▸ Exercise goal
Give back the whole listing word for word and skip each picture.

[[ Material provided, beginning ]]

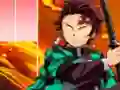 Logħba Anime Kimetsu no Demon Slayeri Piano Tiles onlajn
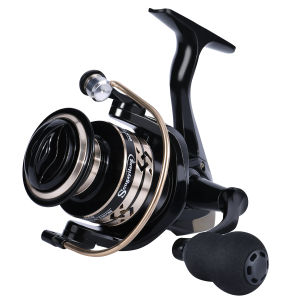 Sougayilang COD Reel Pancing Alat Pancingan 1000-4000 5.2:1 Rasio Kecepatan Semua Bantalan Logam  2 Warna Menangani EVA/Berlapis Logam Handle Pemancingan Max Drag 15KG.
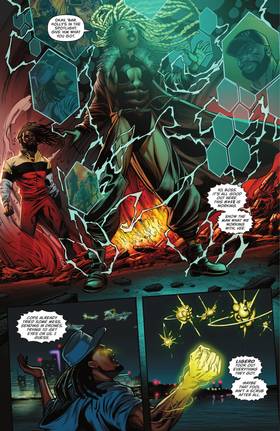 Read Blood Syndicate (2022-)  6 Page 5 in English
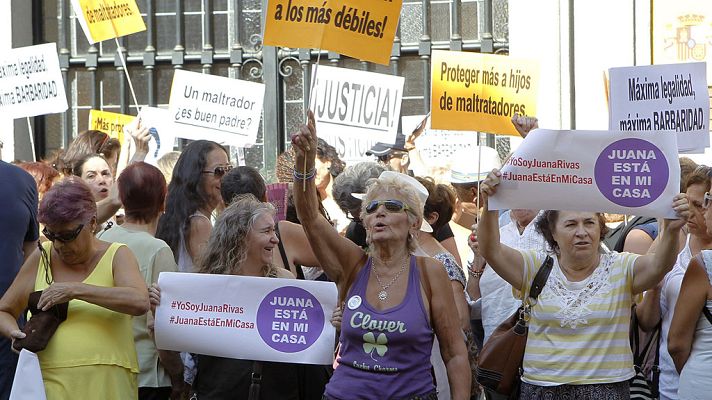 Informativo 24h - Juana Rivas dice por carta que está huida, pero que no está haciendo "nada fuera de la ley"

[[ Material provided, end ]]

▸ Task answer
 Logħba Anime Kimetsu no Demon Slayeri Piano Tiles onlajn
 Sougayilang COD Reel Pancing Alat Pancingan 1000-4000 5.2:1 Rasio Kecepatan Semua Bantalan Logam  2 Warna Menangani EVA/Berlapis Logam Handle Pemancingan Max Drag 15KG.
 Read Blood Syndicate (2022-)  6 Page 5 in English
 Informativo 24h - Juana Rivas dice por carta que está huida, pero que no está haciendo "nada fuera de la ley"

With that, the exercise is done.